(Supplied material)
· · · · · · ·

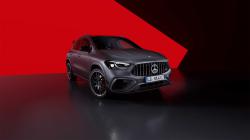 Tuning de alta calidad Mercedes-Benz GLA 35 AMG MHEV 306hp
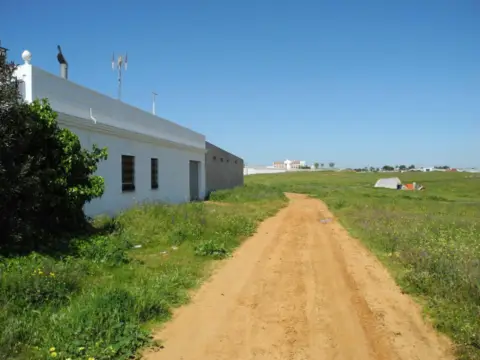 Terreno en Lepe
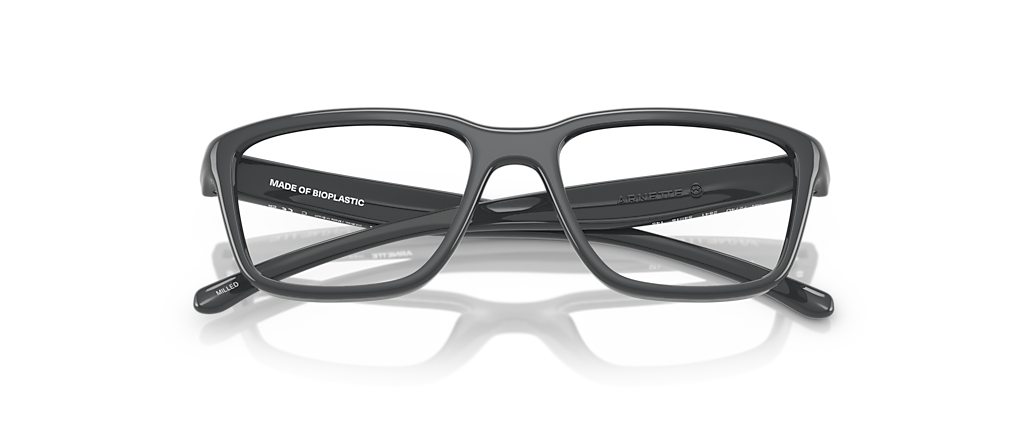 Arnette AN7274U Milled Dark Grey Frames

· · · · · · ·

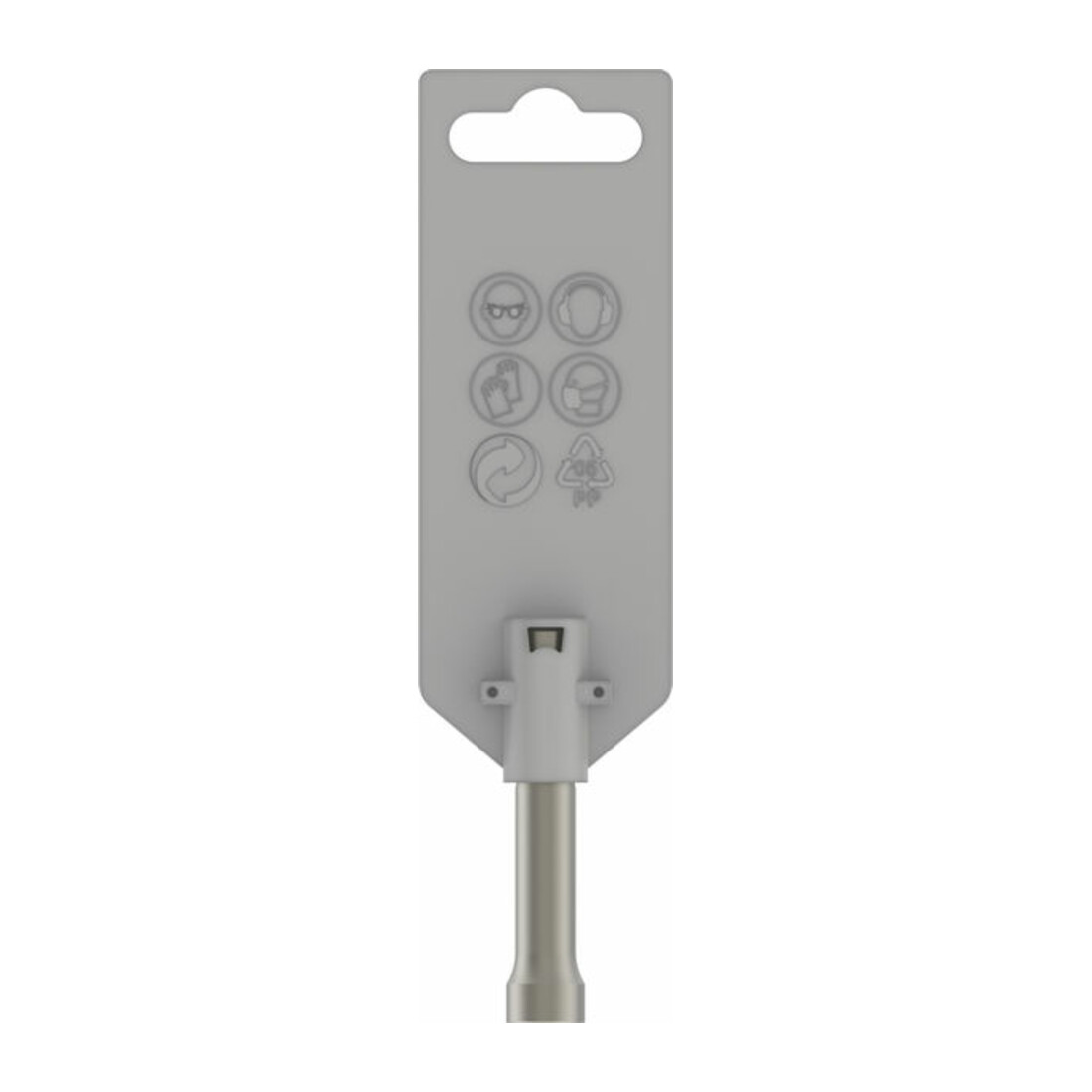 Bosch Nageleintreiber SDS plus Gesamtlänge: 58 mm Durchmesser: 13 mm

· · · · · · ·

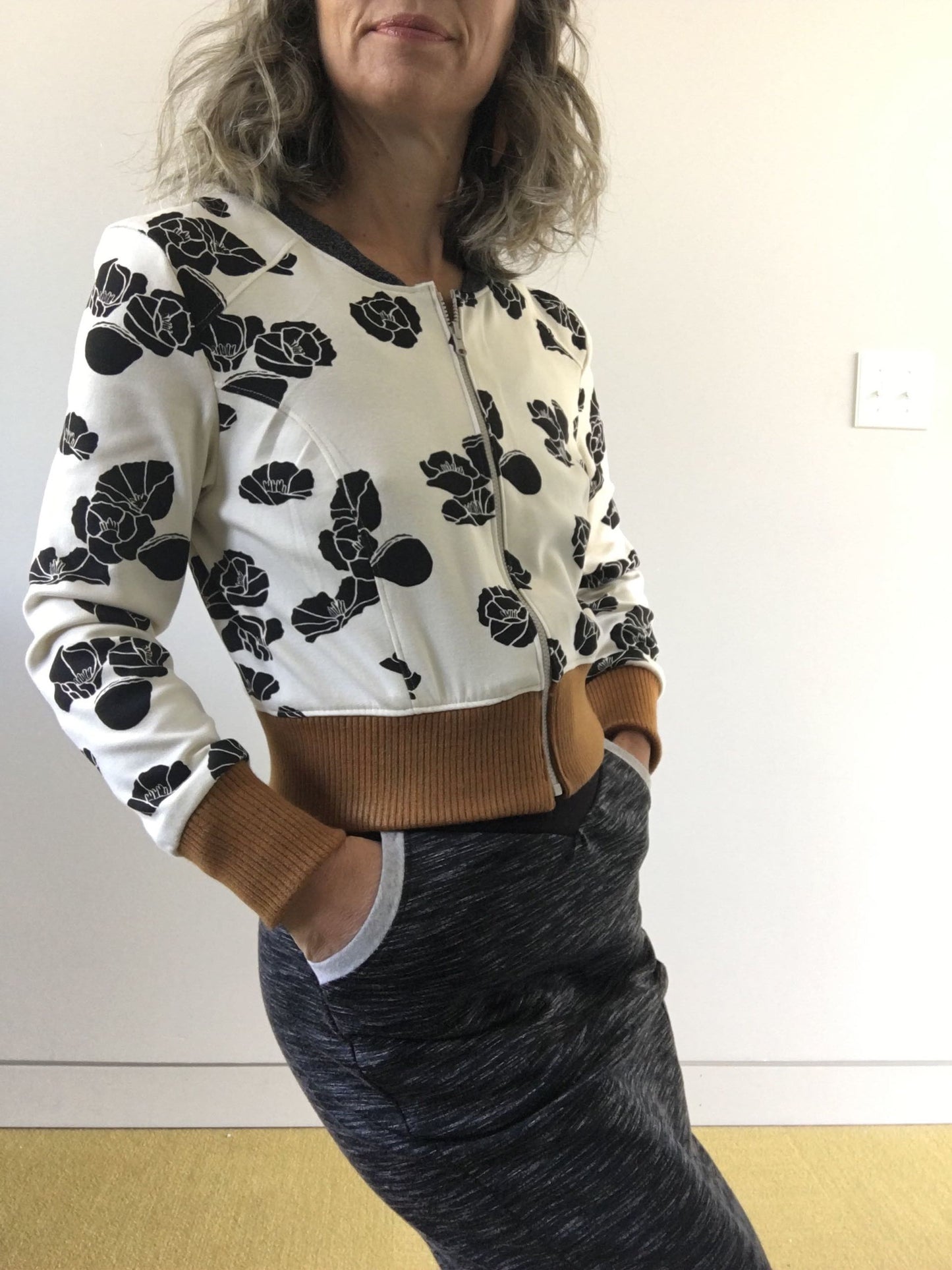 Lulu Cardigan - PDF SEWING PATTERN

· · · · · · ·

(Problem requirements) The copy should hold only the lines from the one with "Tuning de alta" through the one with "Arnette AN7274U Milled Dark Grey Frames", exactly as they stand above. Leave out the pictures.

(Exercise solution)
 Tuning de alta calidad Mercedes-Benz GLA 35 AMG MHEV 306hp
 Terreno en Lepe
 Arnette AN7274U Milled Dark Grey Frames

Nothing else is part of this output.